■ What is expected
The records beneath should be printed exactly, and the pictures are to be left out.

■ Given information
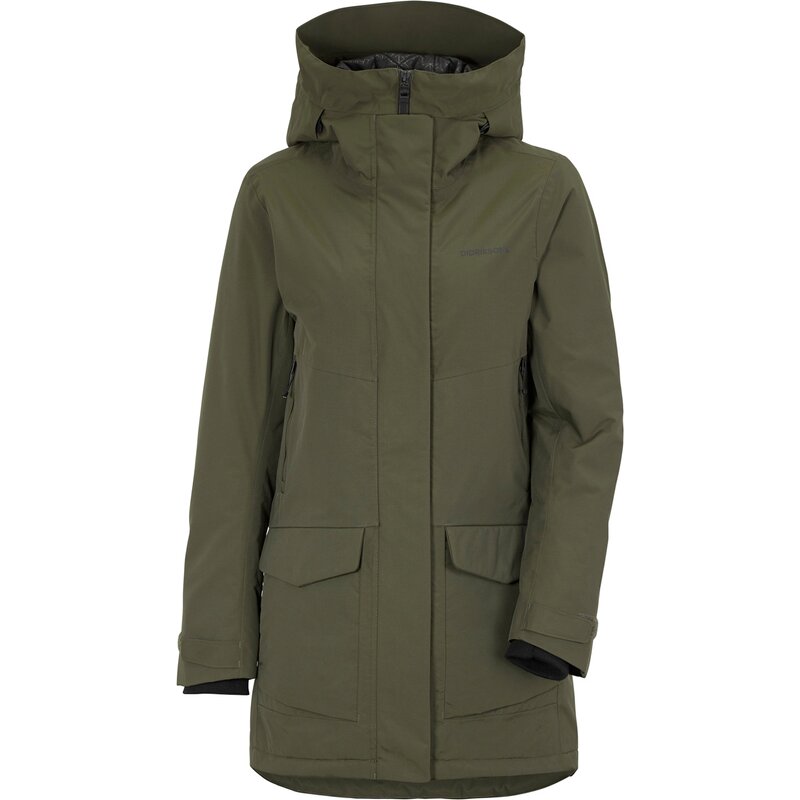 Куртка Frida WNS Parka 6 Didriksons, зеленый
Куртка Frida WNS Parka 6 Didriksons, зеленый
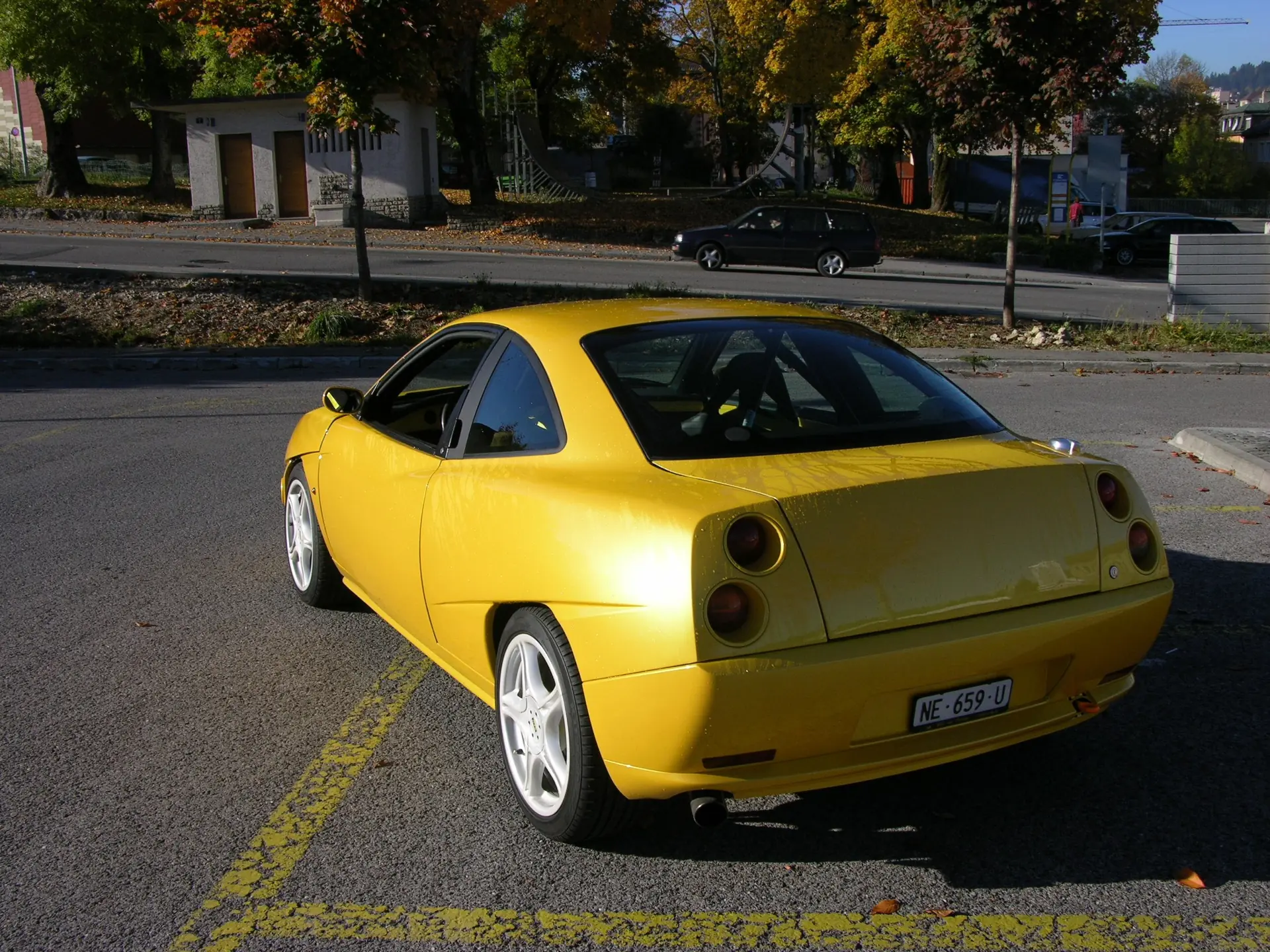 Fiat Coupe 1996 occasion Les Planchettes — 3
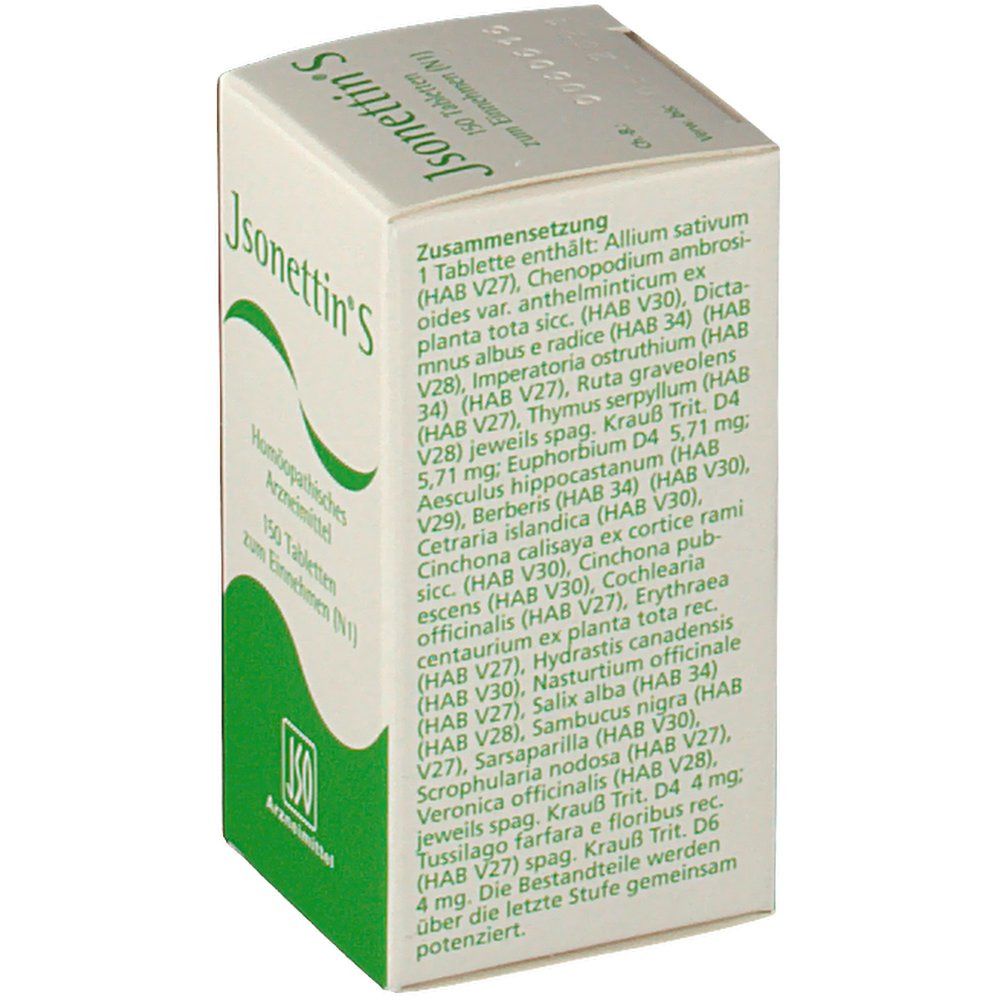 Jsonettin® S Tabletten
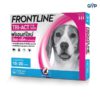 Frontline TRI-ACT ยาหยด ป้องกันเห็บ หมัด ไล่ยุง แมลงวัน สำหรับสุนัขน้ำหนัก10-20 kg.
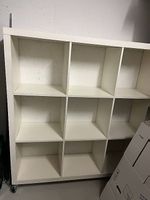 Regal ähnlich wie "Ikea Kallax" 150x150cm weiss, 3x3 Quadrat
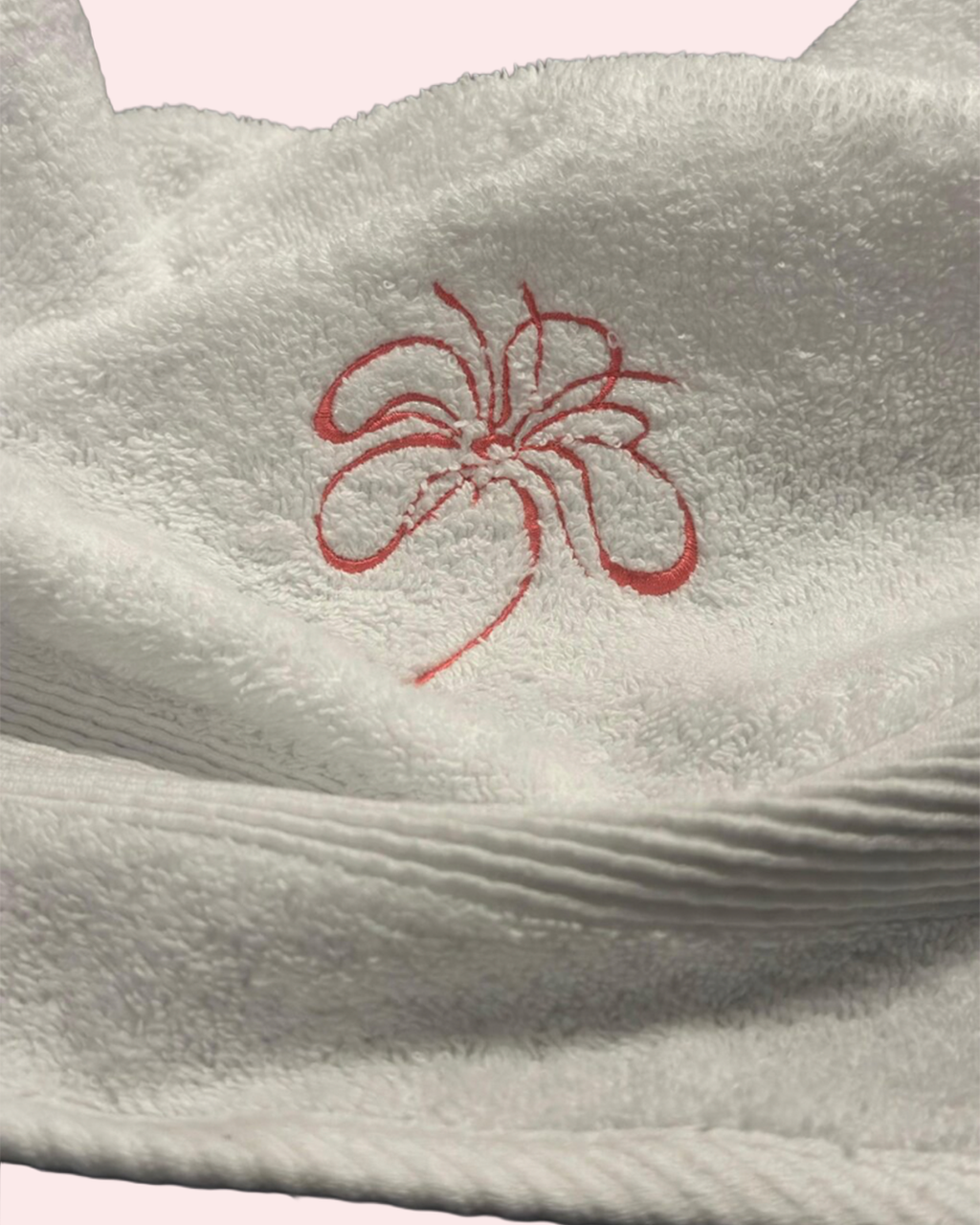 Telo bagno spugna 100% cotone OEKO-TEX flower | KaleidoShop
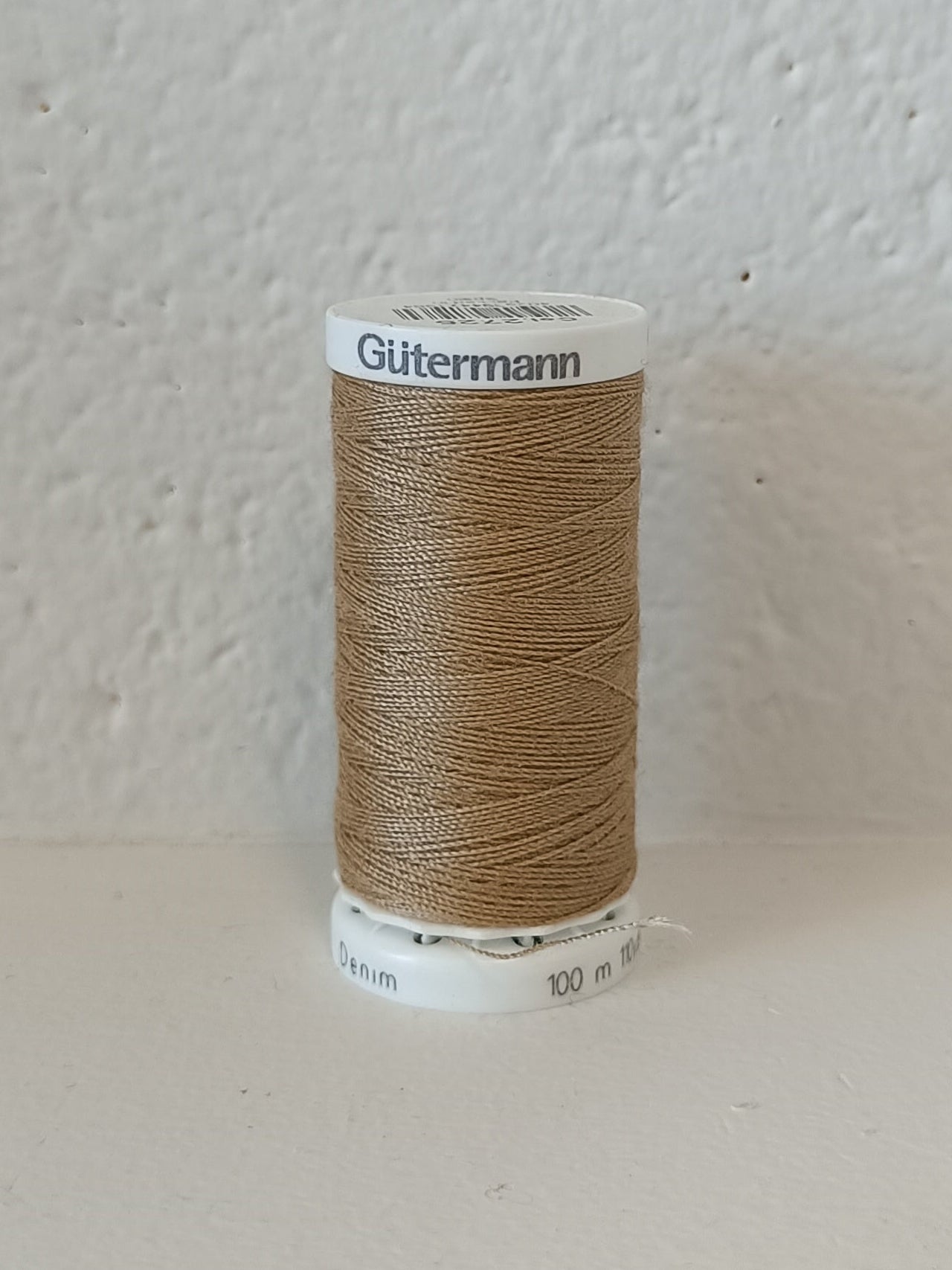 Fil à coudre - Denim - Beige - GÜTERMANN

■ Task output
 Куртка Frida WNS Parka 6 Didriksons, зеленый
Куртка Frida WNS Parka 6 Didriksons, зеленый
 Fiat Coupe 1996 occasion Les Planchettes — 3
 Jsonettin® S Tabletten
 Frontline TRI-ACT ยาหยด ป้องกันเห็บ หมัด ไล่ยุง แมลงวัน สำหรับสุนัขน้ำหนัก10-20 kg.
 Regal ähnlich wie "Ikea Kallax" 150x150cm weiss, 3x3 Quadrat
 Telo bagno spugna 100% cotone OEKO-TEX flower | KaleidoShop
 Fil à coudre - Denim - Beige - GÜTERMANN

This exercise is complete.